Le saxophoniste et compositeur camerounais Manu Dibango est mort des suites du nouveau coronavirus à 86 ans. Il aura marqué toute une génération. Nous revenons sur sa carrière en cinq points.
5 choses à savoir sur Manu Dibango, Monsieur Soul Makossa
1. Une carrière aussi riche que variée
Journaliste, anthropologue, philosophe, musicien Manu Dibango avait toutes ces casquettes. Qu’aurait été la Word music sans Manu Dibango a-t-on envie de s’interroger ? Personnalité connue et reconnue du paysage culturel, guidé par son éclectisme, son nomadisme musical et ses inspirations, il reste l’une des personnalités les plus marquantes de ces 60 dernières années, père de la world music et premier disque d’or d’un artiste africain aux États-Unis avec “Soul Makossa”.
Dans les années 60, il officie au sein de dans l’African Jazz l’un des premiers groupes professionnels de l’ancien Congo belge, actuellement République démocratique du Congo fondé par Joseph Kabasele Tshamala, connu sous le nom du Grand Kalle. Le groupe est connu pour avoir produit Indépendance Cha Cha, premier tube continental de l’histoire de la musique africaine francophone.
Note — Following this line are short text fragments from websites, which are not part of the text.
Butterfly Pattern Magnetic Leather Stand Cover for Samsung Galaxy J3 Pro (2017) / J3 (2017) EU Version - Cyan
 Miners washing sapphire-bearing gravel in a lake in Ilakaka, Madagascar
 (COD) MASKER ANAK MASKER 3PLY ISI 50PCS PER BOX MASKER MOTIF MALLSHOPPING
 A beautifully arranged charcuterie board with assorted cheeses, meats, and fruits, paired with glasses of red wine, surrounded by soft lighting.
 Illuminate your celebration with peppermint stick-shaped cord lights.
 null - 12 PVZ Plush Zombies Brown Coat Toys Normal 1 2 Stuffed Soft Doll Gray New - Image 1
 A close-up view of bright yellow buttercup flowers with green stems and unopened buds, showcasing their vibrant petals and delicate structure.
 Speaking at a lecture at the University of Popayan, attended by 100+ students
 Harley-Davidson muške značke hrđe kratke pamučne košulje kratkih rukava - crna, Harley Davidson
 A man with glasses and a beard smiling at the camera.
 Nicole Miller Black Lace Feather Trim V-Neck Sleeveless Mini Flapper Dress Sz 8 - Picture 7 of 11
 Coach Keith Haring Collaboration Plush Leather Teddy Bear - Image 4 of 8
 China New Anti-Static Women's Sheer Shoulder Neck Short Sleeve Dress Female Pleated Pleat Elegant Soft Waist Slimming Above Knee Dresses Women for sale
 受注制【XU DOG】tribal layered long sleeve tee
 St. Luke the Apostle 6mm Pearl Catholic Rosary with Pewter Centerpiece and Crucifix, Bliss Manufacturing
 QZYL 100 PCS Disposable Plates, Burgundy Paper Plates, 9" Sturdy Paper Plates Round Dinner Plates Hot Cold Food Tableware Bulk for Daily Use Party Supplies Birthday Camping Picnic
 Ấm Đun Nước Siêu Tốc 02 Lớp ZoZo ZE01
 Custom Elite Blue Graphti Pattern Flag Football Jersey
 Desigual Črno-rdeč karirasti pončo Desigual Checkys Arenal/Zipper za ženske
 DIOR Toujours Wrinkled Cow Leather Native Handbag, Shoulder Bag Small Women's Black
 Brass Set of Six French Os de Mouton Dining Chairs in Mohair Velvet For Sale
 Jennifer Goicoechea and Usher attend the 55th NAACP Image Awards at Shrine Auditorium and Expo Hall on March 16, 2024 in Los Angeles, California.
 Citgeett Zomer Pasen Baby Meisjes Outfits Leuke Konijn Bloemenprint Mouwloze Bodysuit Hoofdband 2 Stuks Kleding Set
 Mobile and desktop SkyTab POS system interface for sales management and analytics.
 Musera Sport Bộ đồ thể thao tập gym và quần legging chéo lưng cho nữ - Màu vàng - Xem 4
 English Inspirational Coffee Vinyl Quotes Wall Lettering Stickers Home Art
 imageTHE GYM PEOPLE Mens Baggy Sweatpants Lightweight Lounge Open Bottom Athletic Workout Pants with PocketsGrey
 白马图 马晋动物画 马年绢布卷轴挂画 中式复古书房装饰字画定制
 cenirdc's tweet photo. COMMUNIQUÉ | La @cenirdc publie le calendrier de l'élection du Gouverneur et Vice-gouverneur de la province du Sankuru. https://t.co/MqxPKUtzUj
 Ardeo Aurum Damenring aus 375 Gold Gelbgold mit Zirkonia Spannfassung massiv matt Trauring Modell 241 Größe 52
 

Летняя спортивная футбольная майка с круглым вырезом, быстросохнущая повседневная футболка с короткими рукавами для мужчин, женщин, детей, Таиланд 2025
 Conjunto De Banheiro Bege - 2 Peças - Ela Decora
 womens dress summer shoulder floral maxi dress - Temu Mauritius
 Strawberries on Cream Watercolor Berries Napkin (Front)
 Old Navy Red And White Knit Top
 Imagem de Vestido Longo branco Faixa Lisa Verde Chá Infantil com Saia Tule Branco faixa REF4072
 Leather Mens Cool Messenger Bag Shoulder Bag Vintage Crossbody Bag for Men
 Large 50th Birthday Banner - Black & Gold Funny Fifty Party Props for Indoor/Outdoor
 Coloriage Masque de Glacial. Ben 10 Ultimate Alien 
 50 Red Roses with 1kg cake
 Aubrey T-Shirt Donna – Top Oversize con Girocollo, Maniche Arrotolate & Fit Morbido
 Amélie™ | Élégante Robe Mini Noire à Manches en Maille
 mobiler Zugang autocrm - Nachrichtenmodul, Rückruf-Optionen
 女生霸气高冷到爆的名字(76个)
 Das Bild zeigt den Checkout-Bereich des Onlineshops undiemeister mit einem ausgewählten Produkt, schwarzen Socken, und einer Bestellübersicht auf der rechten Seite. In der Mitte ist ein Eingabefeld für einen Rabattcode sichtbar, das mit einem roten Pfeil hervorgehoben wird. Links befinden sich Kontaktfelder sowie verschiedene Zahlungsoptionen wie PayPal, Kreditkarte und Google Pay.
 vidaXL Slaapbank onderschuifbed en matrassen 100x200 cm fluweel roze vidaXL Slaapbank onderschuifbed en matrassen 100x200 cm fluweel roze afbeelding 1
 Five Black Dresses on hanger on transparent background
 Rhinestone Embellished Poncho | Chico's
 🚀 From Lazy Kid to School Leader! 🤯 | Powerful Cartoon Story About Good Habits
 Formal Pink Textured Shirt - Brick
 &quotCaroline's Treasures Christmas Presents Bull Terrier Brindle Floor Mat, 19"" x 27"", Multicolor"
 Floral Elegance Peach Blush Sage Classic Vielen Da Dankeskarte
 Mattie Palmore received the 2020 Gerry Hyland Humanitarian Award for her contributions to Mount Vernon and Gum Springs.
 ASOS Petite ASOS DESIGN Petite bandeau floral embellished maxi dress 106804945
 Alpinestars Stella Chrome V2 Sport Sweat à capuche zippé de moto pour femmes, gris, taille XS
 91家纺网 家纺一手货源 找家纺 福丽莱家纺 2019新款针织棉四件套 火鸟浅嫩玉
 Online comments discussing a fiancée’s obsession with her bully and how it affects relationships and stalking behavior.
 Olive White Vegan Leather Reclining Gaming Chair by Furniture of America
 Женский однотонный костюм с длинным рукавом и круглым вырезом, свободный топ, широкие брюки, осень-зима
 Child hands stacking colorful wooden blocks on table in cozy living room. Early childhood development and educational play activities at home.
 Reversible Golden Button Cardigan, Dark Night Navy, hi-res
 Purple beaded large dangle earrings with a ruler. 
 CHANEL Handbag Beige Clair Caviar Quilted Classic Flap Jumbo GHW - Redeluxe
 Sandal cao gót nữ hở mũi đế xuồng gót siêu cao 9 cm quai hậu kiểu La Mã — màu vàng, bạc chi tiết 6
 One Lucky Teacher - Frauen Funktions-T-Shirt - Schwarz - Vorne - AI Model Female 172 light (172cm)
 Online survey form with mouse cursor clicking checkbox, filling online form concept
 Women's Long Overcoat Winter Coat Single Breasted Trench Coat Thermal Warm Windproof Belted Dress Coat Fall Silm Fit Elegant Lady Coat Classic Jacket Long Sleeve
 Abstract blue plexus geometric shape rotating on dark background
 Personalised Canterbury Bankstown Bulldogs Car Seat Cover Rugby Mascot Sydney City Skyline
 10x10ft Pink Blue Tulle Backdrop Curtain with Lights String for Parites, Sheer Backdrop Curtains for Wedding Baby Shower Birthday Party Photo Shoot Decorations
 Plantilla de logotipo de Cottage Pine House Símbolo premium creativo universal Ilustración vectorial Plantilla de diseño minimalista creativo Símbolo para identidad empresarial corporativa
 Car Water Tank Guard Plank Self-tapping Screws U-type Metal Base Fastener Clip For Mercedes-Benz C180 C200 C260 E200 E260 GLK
Avec une production régulière, Manu Dibango a produit pas moins de 44 albums en six décennies.
2. Plusieurs récompenses pour son oeuvre
Celui qui est considéré par beaucoup comme le précurseur de la musique africaine “moderne” a reçu en mars 1986 la médaille des Arts et des Lettres par le ministre de la Culture français, Jack Lang. Cette distinction apporte une contribution flatteuse à l‘édifice de sa carrière.
En 1993, il est récompensé par la Victoire du meilleur album de musique de variétés instrumentales de l’année 1992 (France) pour le deuxième volume des “Négropolitaines”.
En mai 2004, Manu Dibango est nommé Artiste de l’Unesco pour la paix. Honoré en février 2017 d’un Lifetime Award pour l’ensemble de sa carrière qui lui est remis à la cérémonie des Afrima (All Africa Music Awards) organisée au Nigeria, Manu Dibango participe peu après au festival international de jazz du Cap en Afrique du Sud où il collabore avec le saxophoniste mozambicain Moreira Chonguica.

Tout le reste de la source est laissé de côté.